**Pictures with short captions:**
--------------------------------
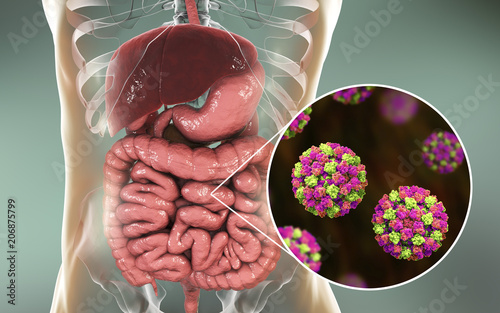 Norovirus in human intestine, also called winter vomiting bug, RNA virus from Caliciviridae family, causative agent of gastroenteritis with diarrhea, vomiting, stomach pain. 3D illustration photo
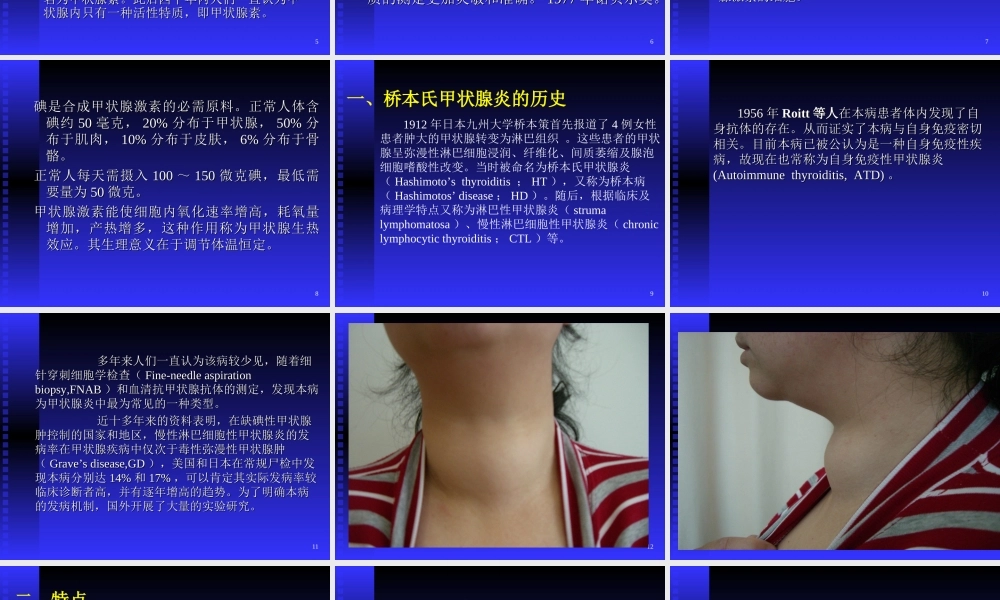桥本病讲稿2.ppt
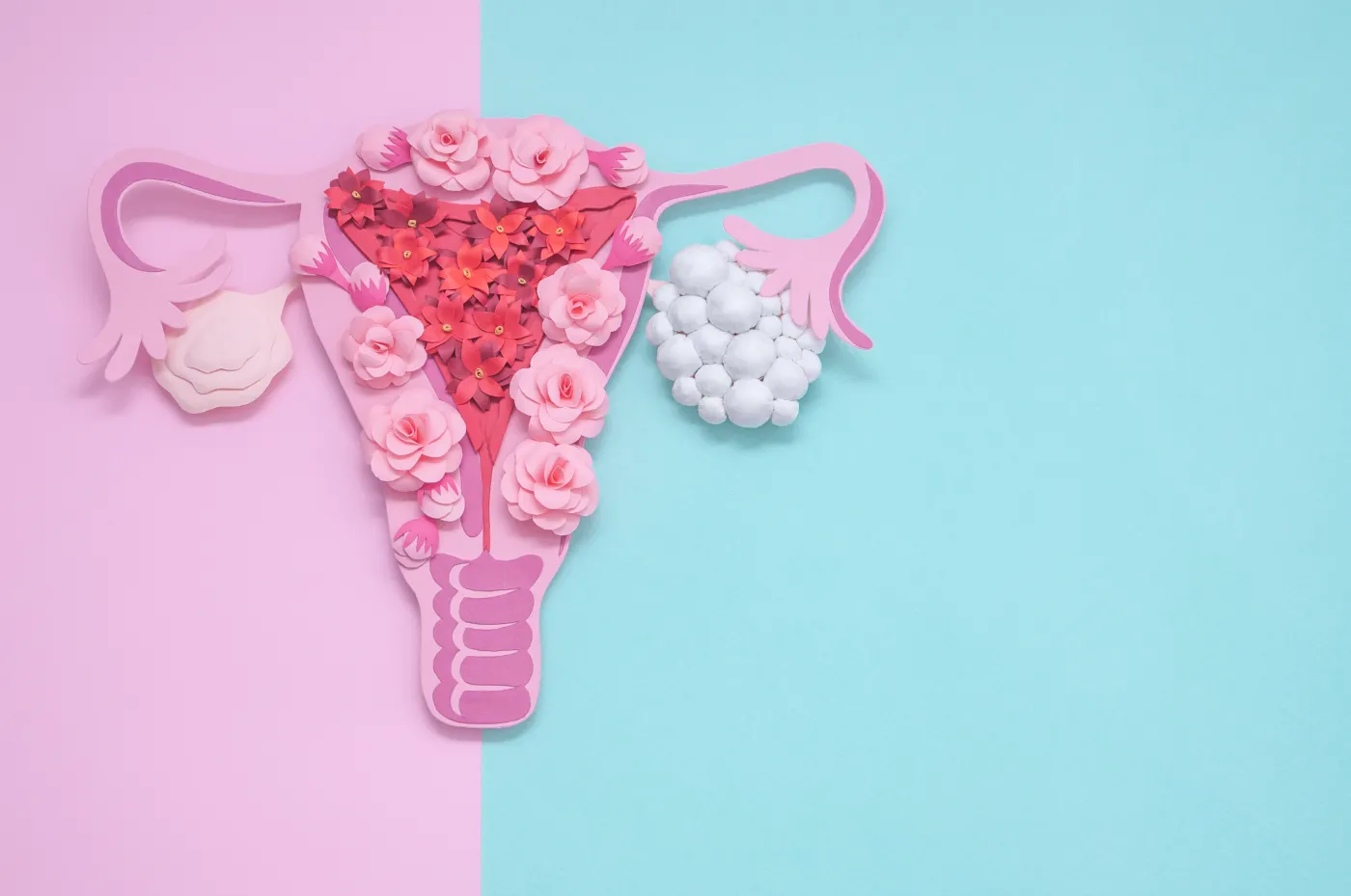 Concept,Awareness,Of,Polycystic,Ovary,Syndrome,,Pcos,,Gynecological,Disease.,Women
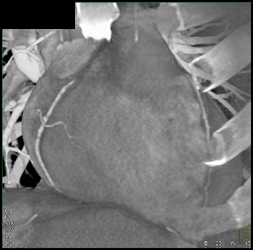 Normal RCA - CTisus CT Scan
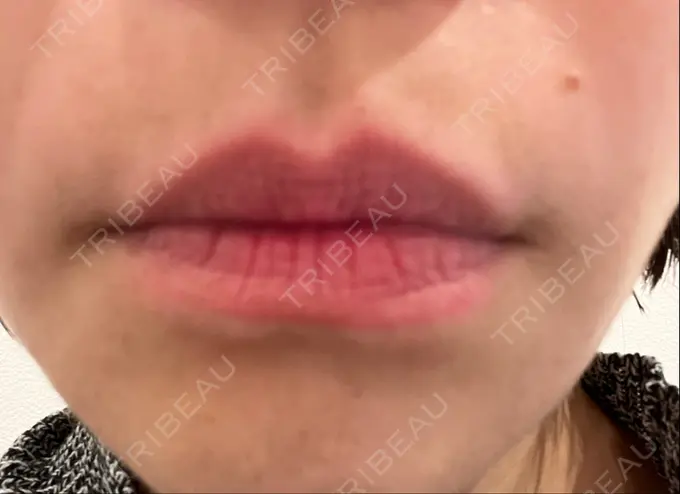 ボトックス（人中） veary clinic BEFORE メイン用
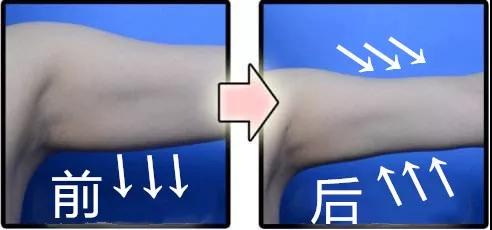 超声波减肥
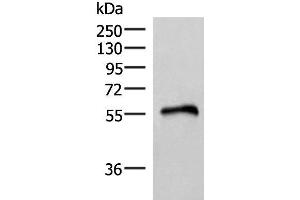 Western blot analysis of Human heart tissue lysate using RETREG1 Polyclonal Antibody at dilution of 1:400 (FAM134B 抗体)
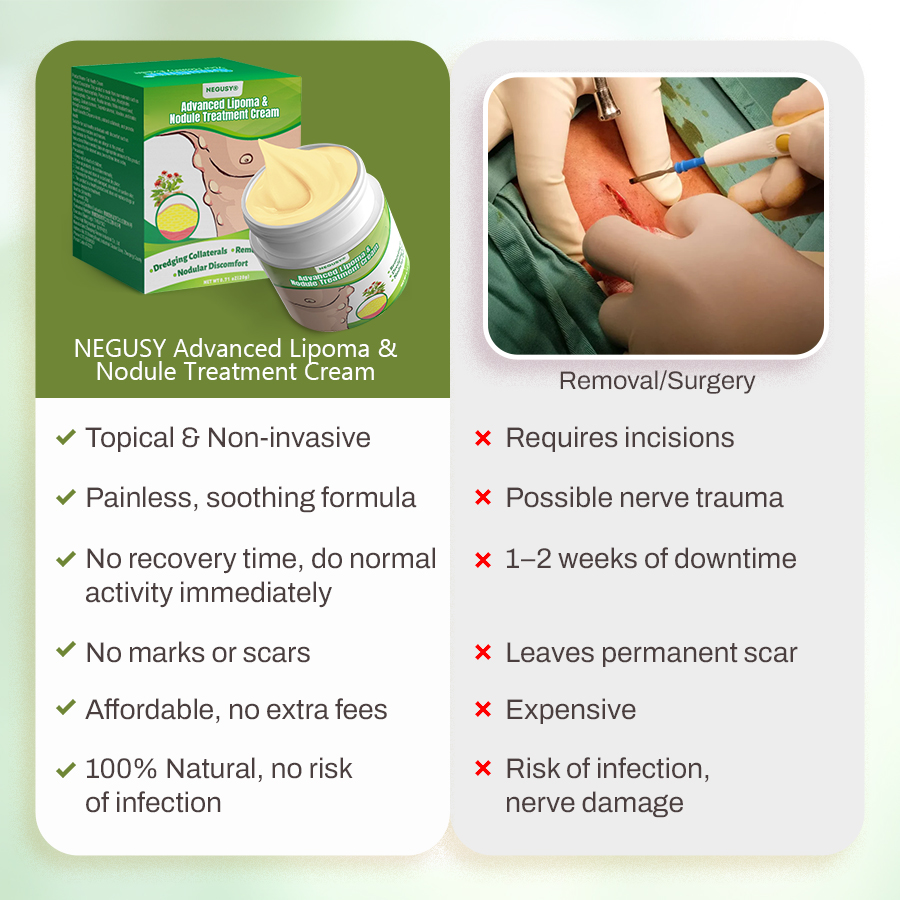 NEGUSY™Advanced Lipoma & Nodule Treatment Cream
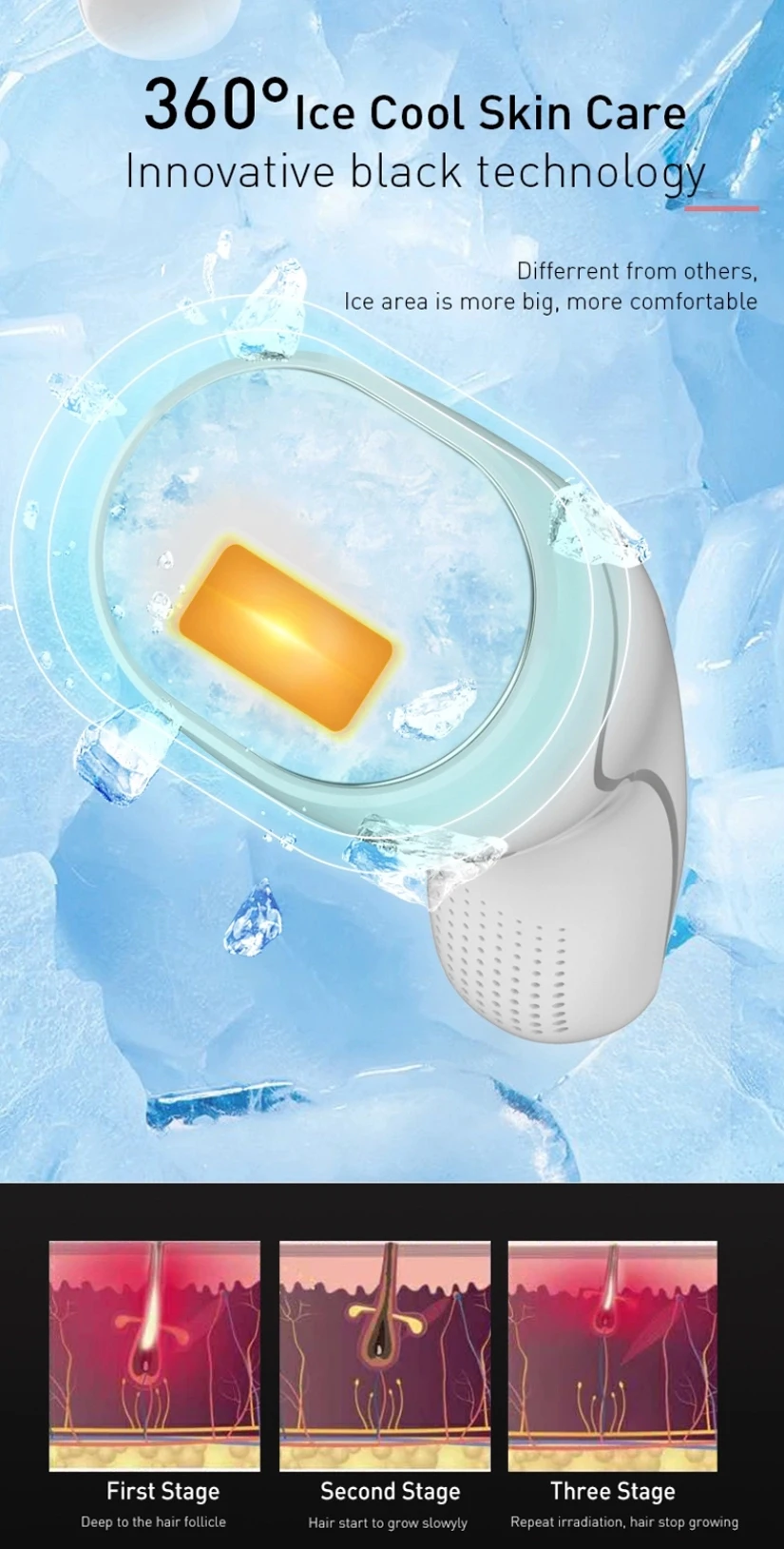 Handheld Ice Cooling Ipl Laser Hair Removal Handset Buy Ipl Laser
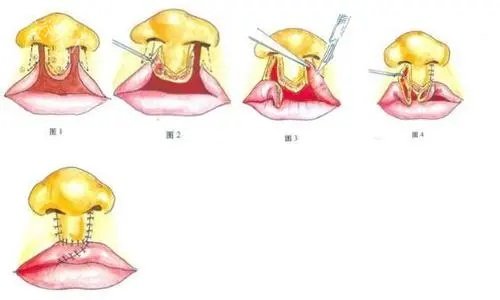 合肥唇裂修复医生哪个靠谱？王明刚医生技术亮点和用户评价来揭秘！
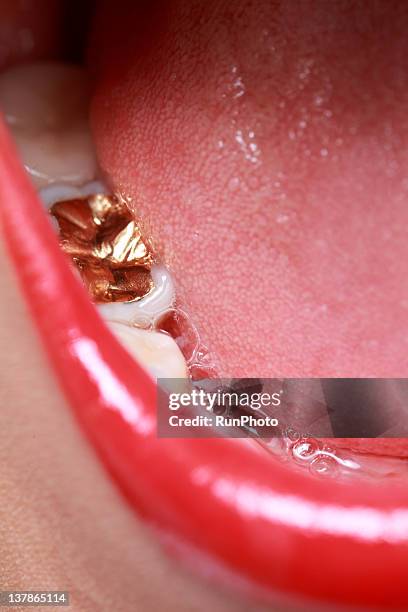 young woman with gold tooth - tooth cap stock pictures, royalty-free photos & images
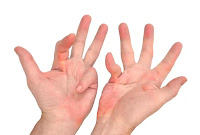What is Dupuytren's contracture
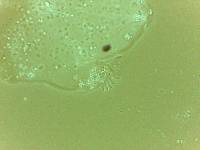 Echiniscoides sigismundi image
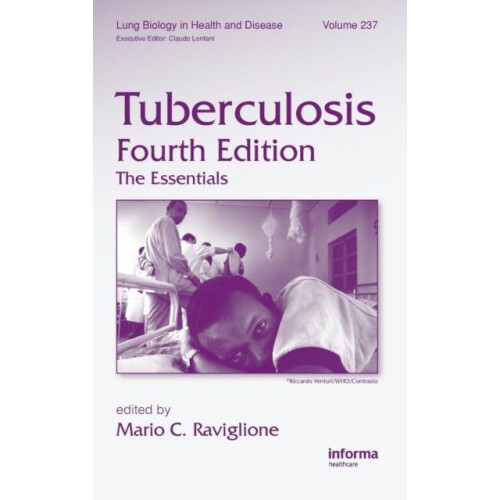 Tuberculosis The Essentials Fourth Edition Hardcover Book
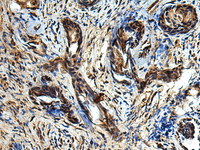 Immunohistochemistry of paraffin-embedded Human prost at e cancer tissue using TBCC Polyclonal Antibody at dilution of 1:80 (×200)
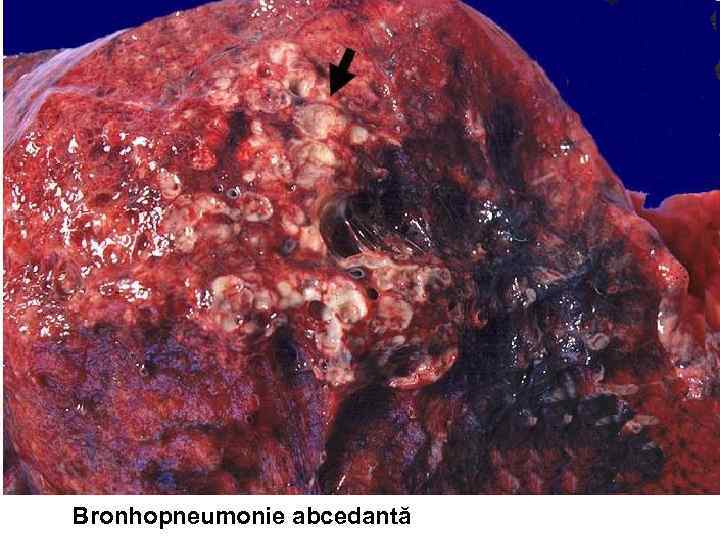 Bronhopneumonie abcedantă 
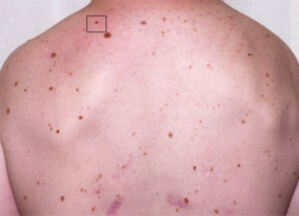 Microscope confoncal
--------------------------------
**Required action:**
Output the lines of the data exactly, starting at the first and ending with the line that has "合肥唇裂修复医生哪个靠谱？王明刚医生技术亮点和用户评价来揭秘！". Pictures are not part of it.

**Completed exercise:**
 Norovirus in human intestine, also called winter vomiting bug, RNA virus from Caliciviridae family, causative agent of gastroenteritis with diarrhea, vomiting, stomach pain. 3D illustration photo
桥本病讲稿2.ppt
 Concept,Awareness,Of,Polycystic,Ovary,Syndrome,,Pcos,,Gynecological,Disease.,Women
 Normal RCA - CTisus CT Scan
 ボトックス（人中） veary clinic BEFORE メイン用
 超声波减肥
 Western blot analysis of Human heart tissue lysate using RETREG1 Polyclonal Antibody at dilution of 1:400 (FAM134B 抗体)
 NEGUSY™Advanced Lipoma & Nodule Treatment Cream
 Handheld Ice Cooling Ipl Laser Hair Removal Handset Buy Ipl Laser
 合肥唇裂修复医生哪个靠谱？王明刚医生技术亮点和用户评价来揭秘！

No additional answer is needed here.